The cost to insure Indonesia’s bonds against default rose to the highest this year as the falling rupiah and accelerating inflation fueled concern foreign investors will pull out of the country.
Five-year credit default-swaps on the debt jumped 19 basis points to 180 in the past two weeks. Malaysia’s risk rose the same amount to make the nations the worst performers in Asia. Indonesia's central bank Governor Agus Martowardojo said Monday that the authority sees opportunities to buy the notes when yields rise.

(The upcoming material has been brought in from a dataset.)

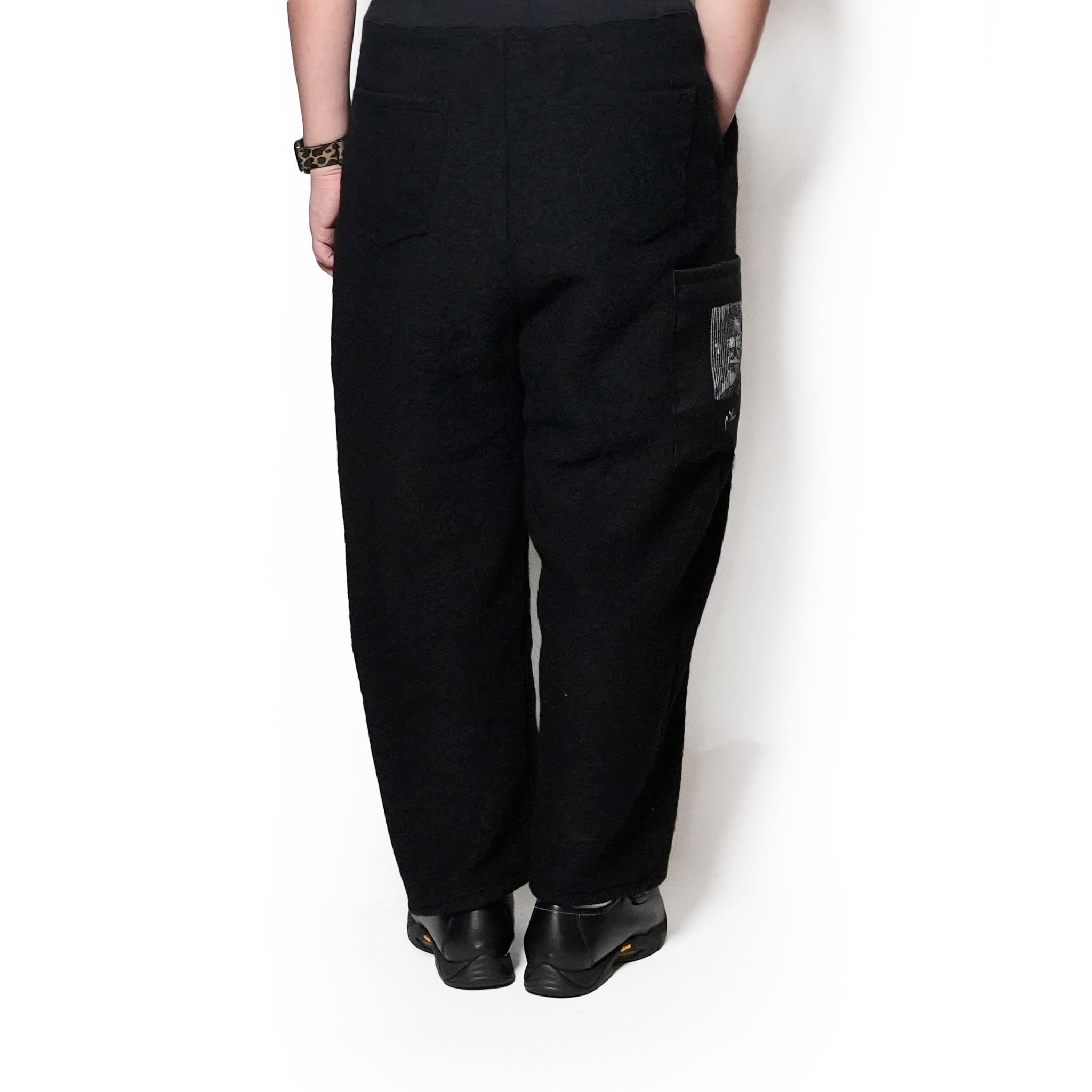 FLAGMENTS MIX DAYOFF PANT | Color_Black | No_sf25aw-18_black【STOF_ストフ】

Inflation will remain above 7 percent through September, Bank Indonesia forecasts, as an El Nino weather pattern threatens to damage crops. The rupiah’s descent to a 17-year low is limiting scope for the central bank to support the economy by cutting interest rates.
“The concern is that all these factors will see investors demanding much higher yields and readjusting their positions,” said Ikhwani Fauzana, head of rates trading at PT Bank Negara Indonesia in Jakarta. “But it’s too risky for the central bank to lower rates to help growth as the rupiah’s response would be drastic, so they’re caught in a difficult place.”

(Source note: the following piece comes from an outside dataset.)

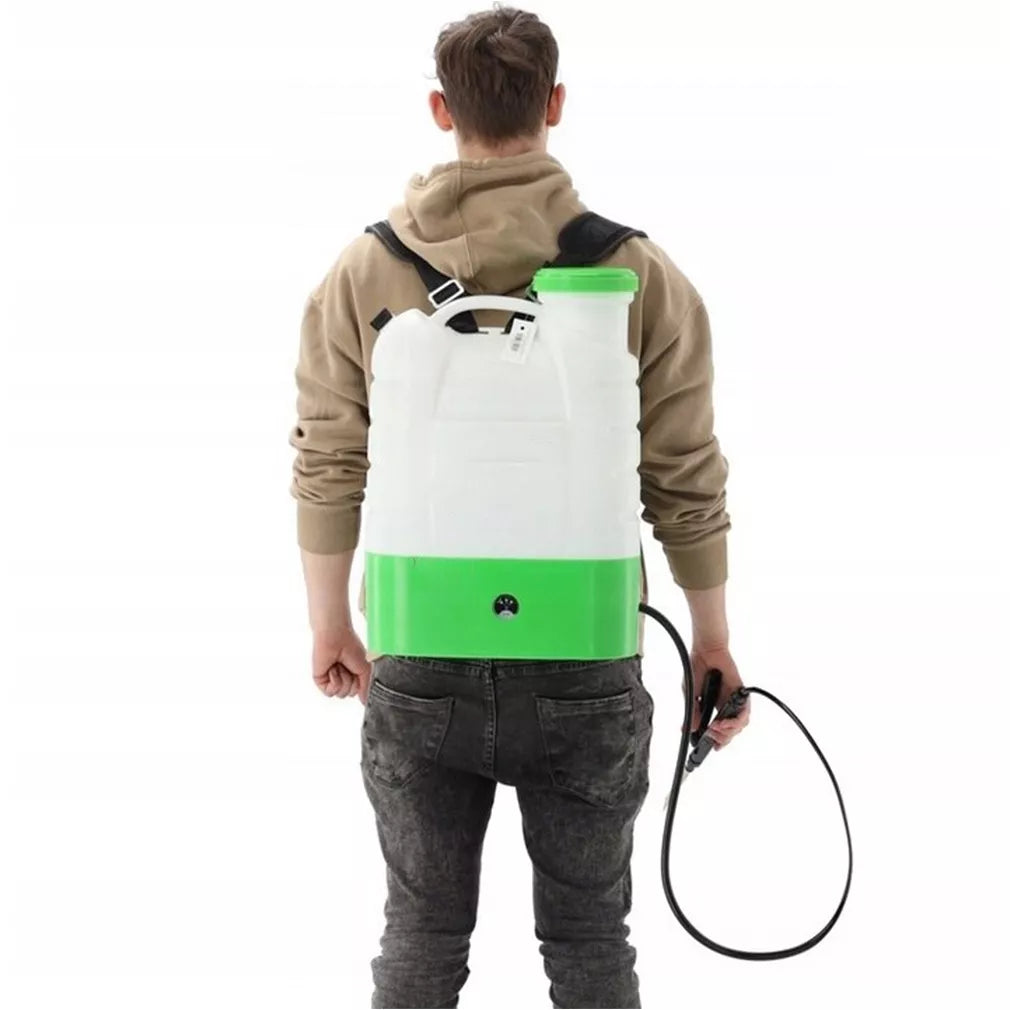 Pulverizator de grădină cu spate, cu acumulator, 16 l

The rupiah has led declines in Asia to drop 7.5 percent this year to 13,385 a dollar and reached the weakest since August 1998. If it falls past 13,400, foreign investors who pumped 46 trillion rupiah ($3.4 billion) into Indonesian debt in January and February, will start to incur losses, according to PT Mandiri Sekuritas, a unit of the country’s largest lender.

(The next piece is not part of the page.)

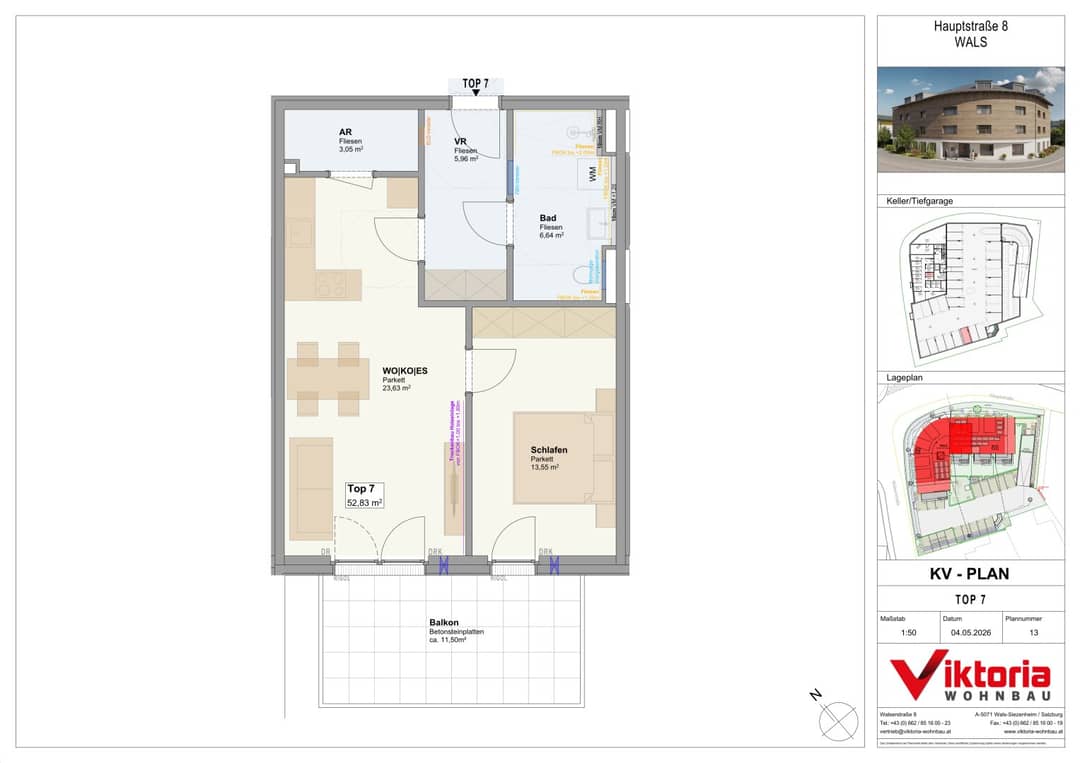 Apartment first occupancy in town centre balcony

The yield on 10-year sovereign bonds jumped 25 basis points this week to a 15-month high of 8.77 percent. Four of the last five sovereign auctions failed to meet their targets.
The central bank sees risk of a currency war over the next three years if the Federal Reserve rates normalization happens gradually, Martowardojo said Monday, adding that the authority will seek to maintain exchange-rate stability.
Bank Indonesia forecast on Monday that the economy would expand 4.9 percent this quarter, compared with 4.71 percent in the previous three months, the least since 2009. Slow state spending has hampered growth, with only 31 percent of 2015’s targeted disbursement spent by the end of May.
Indonesia’s government has achieved 49 percent of its full-year bond sales target, according to Finance Ministry data. President Joko Widodo’s plan to boost tax revenue by 30 percent in 2015 is looking tough to meet, which could lead to an increase in the issuance goal, said Handy Yunianto, who manages fixed-income sales at Mandiri Sekuritas in Jakarta.
“Investors still see large supply pressures going forward, especially with the fiscal risk posed by slowing growth,” he said. Yunianto sees 8.1 percent as a fair 10-year yield by year-end, assuming Bank Indonesia maintains its benchmark rate at 7.5 percent.
Inflation accelerated to 7.15 percent in May and the central bank forecasts it will be 4.2 percent by year-end.
That prediction could be upset by El Nino. Indonesia, along with India, will be most harmed in Asia by the weather pattern as 18 percent of GDP is driven by agriculture, forestry and fisheries, Bank of America Merrill Lynch wrote in a research note.
Foreign funds are still adding to rupiah sovereign bonds, boosting holdings by 6.43 trillion rupiah in the past month, Finance Ministry data show, as yields have risen. They now own 38.5 percent of the debt, the highest ratio in Southeast Asia, making the market vulnerable to outflows.
PT Manulife Aset Manajemen Indonesia still sees potential in Indonesian debt, said Ezra Nazula, who manages more than $2 billion as head of fixed-income in Jakarta.
“We see opportunity in the volatility, especially with expectation for lower inflation in the second half,” he said. “Even if investors see the rupiah weakening past their break-even point, they won’t sell on reflex if they still think conditions will improve going forward.”
Rabobank International recommends investors to remain “on the sidelines,” said Michael Every, head of financial markets research in Hong Kong.
“We’re not seeing a major push forward in terms of infrastructure investment,” he said. “There doesn’t seem to be much value in Indonesian bonds.”